» **Data segment**:
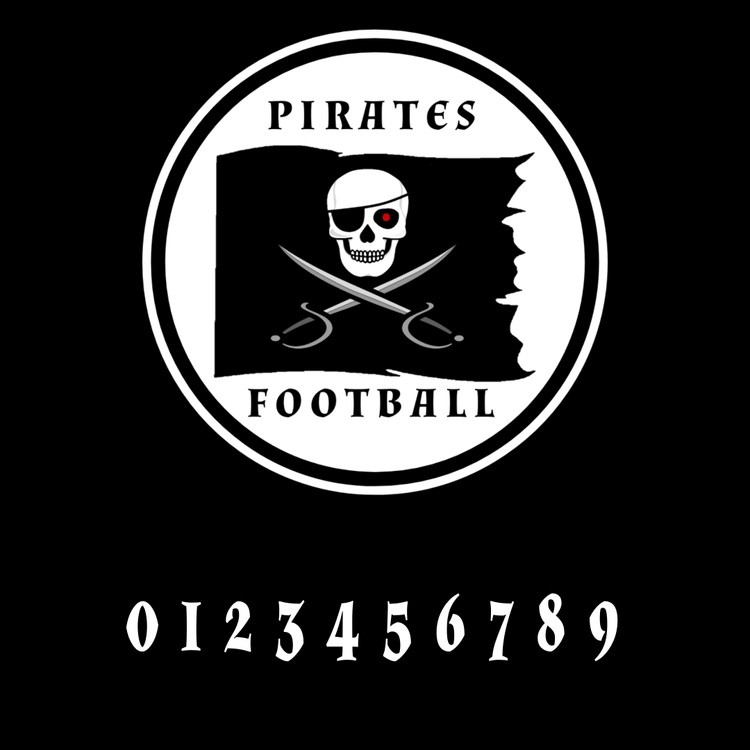 Pirates logo with numbers 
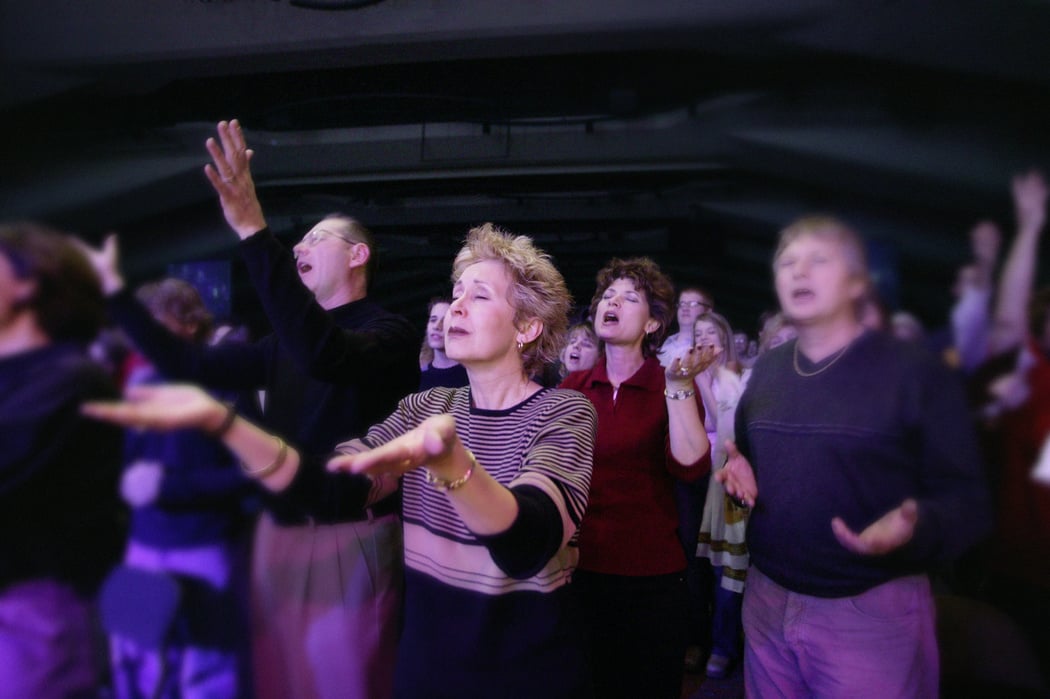 Group Of People Worshipping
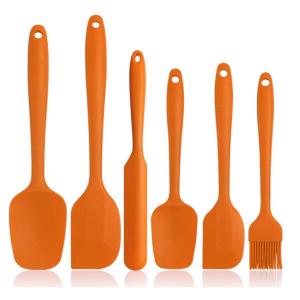 Buy cheap Silicone Spatula Set-Orange 6 Pieces Non-stick-Stainless Steel Mandrel from wholesalers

» **What is required**: Nothing but an exact copy of the data, without its images, should make up your answer.

» **Written solution**:
 Pirates logo with numbers 
 Group Of People Worshipping
 Buy cheap Silicone Spatula Set-Orange 6 Pieces Non-stick-Stainless Steel Mandrel from wholesalers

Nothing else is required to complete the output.